A foul wind blows across the political landscape. You won’t read much about it in the pages of America’s newspapers or see many segments about it on 24-hour cable news or scroll through much about it on amped-up social media feeds. That’s because the most important if unrecognized trend in American life today is the widespread tuning out of politics by huge numbers of Americans who—with good reason—are disappointed, fed up, or just plain uninterested with what passes for democratic discourse today.
A Knight Foundation study released earlier this year shows that only one third of Americans report paying a great deal of attention to national news, with just one fifth of Americans paying close attention to local news and a scant 1 in 10 keeping up with international events. These are the lowest reported figures of engagement with national news in four years.
As seen below, younger people ages 18-34 report the lowest levels of interest in national news, including less than one fifth of young Independents, around one quarter of young Democrats, and about 3 in 10 young Republicans. But disaffection and disinterest crosses generational lines. Older people, those ages 55+, traditionally hold greater interest in national news and current events. Yet even among this group, less than half of older Americans of any party persuasion say they pay a great deal of attention to national news.
Looking in more depth at the overall landscape of citizen interest in politics at the start of the year, an NBC News poll reported striking displeasure and negativity among Americans about the country and its politics:
Overwhelming majorities of Americans believe the country is headed in the wrong direction, that their household income is falling behind the cost of living, that political polarization will only continue and that there's a real threat to democracy and majority rule.
What's more, the nation's top politicians and political parties are more unpopular than popular, and interest in the upcoming November midterms is down—not up.
And when Americans were asked to describe where they believe America is today, the top answers were "downhill," "divisive," "negative," "struggling," "lost" and "bad."
Those are the grim findings of a new national NBC News poll conducted less than 10 months before the midterm elections, when control of the U.S. Senate, U.S. House and governors' mansions across the country will be up for grabs.
"Downhill, divided, doubting democracy, falling behind, and tuning out—this is how Americans are feeling as they're heading into 2022," said Democratic pollster Jeff Horwitt of Hart Research Associates, who conducted this survey with Republican pollster Bill McInturff of Public Opinion Strategies.

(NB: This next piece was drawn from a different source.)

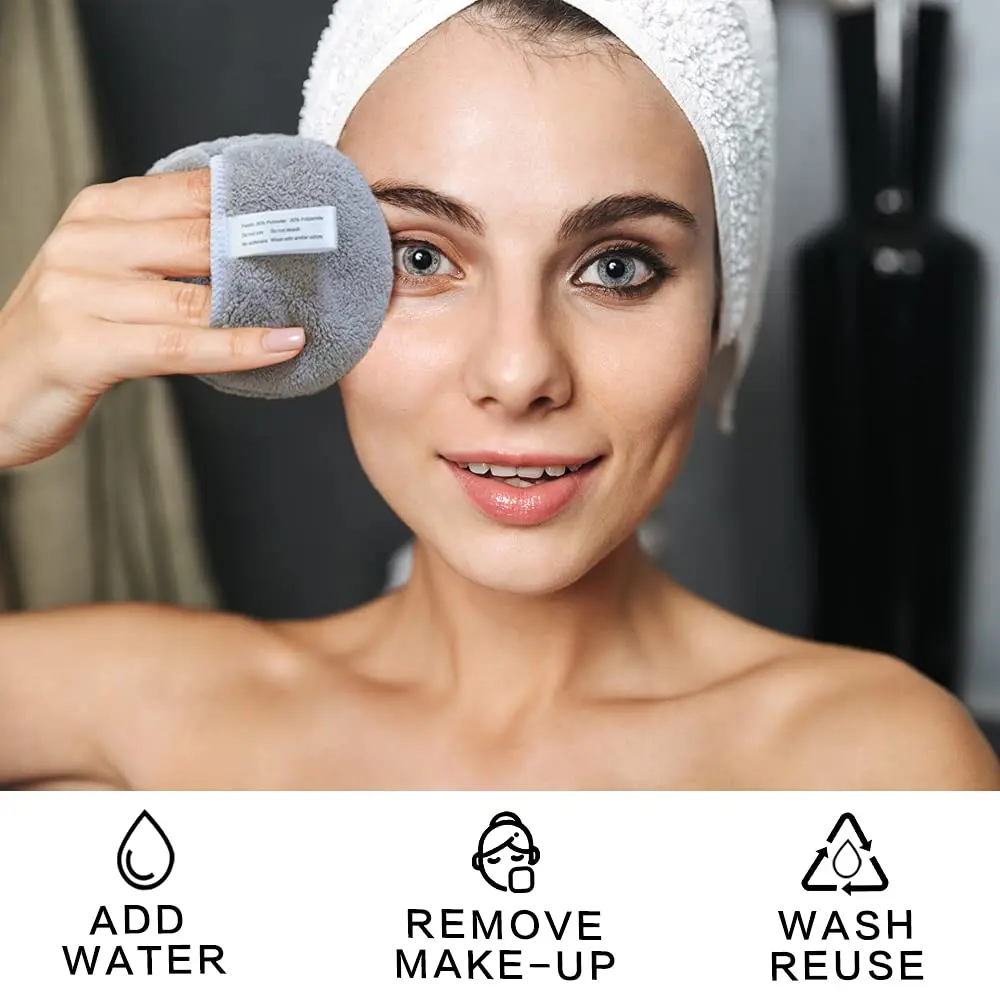 Microfiber Reusable Makeup Remover Pads Face Cleansing Gloves Washable Makeup Removal Cloth Rounds With Laundry Bag 6 Pack 4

Is it any wonder people are tuning out and feeling down? Politics has become nonstop culture war aggression against citizens—a combative arena run by self-absorbed elites seeking to impose their views on everyone else in a series of escalating zero-sum battles over different norms and values. In contrast, most Americans just want to be left alone to live their lives free of interference from others, with some basic assistance from the government on the economic front and fair opportunities in the private sector for good jobs and work advancement. As they go about their own business, Americans would like to know that their government and political leaders are looking out for their interests and helping the country perform better on multiple indicators.
Today, however, few pressing national problems seem to get addressed. Few political compromises are made to help solve these problems. Few debates reflect the complex views of most people not addled by ideology or cults of personality. Politics has failed Americans. So, Americans are increasingly tuning out to deal with their own needs, live out their own values, and focus on their own concerns. This is a perfectly reasonable response to an unchanging and unresponsive political situation.
It’s an open question whether either Democrats or Republicans can figure out how to reach and represent this tuned-out generation of Americans. “Our nutters will beat your nutters” is not a smart strategy for winning the hearts and minds of the disaffected masses. As the ideological extremes take over both parties, the tuned-out middle sits by waiting to be courted and listened to in politics. To do so, however, the people running the leading political and media institutions in America will first have to make a conscious decision to end the endless culture wars and start focusing on the economic and social needs of the nation as a whole without constantly badgering other Americans to believe things they don’t want to believe.
People are different and have different views. But most Americans who are not rich face similar challenges paying their rent or mortgage; keeping up with rising household costs; finding some extra money to take a vacation, save for the future, or fund their kid’s education. They worry about crime in their communities and the quality of the schools. They need help taking care of sick or elderly parents or children with special needs. They want the country to be safe from outside threats and to carry out its values in world affairs. The want the economy to grow and for American businesses of all stripes to do well locally and on the global stage.
If political elites want to help the disaffected and tuned-out middle, they should leave people alone in terms of their beliefs and focus on these common challenges by drawing on good ideas from across the ideological spectrum—with a lot more common sense and humility and a lot less culture war grandstanding.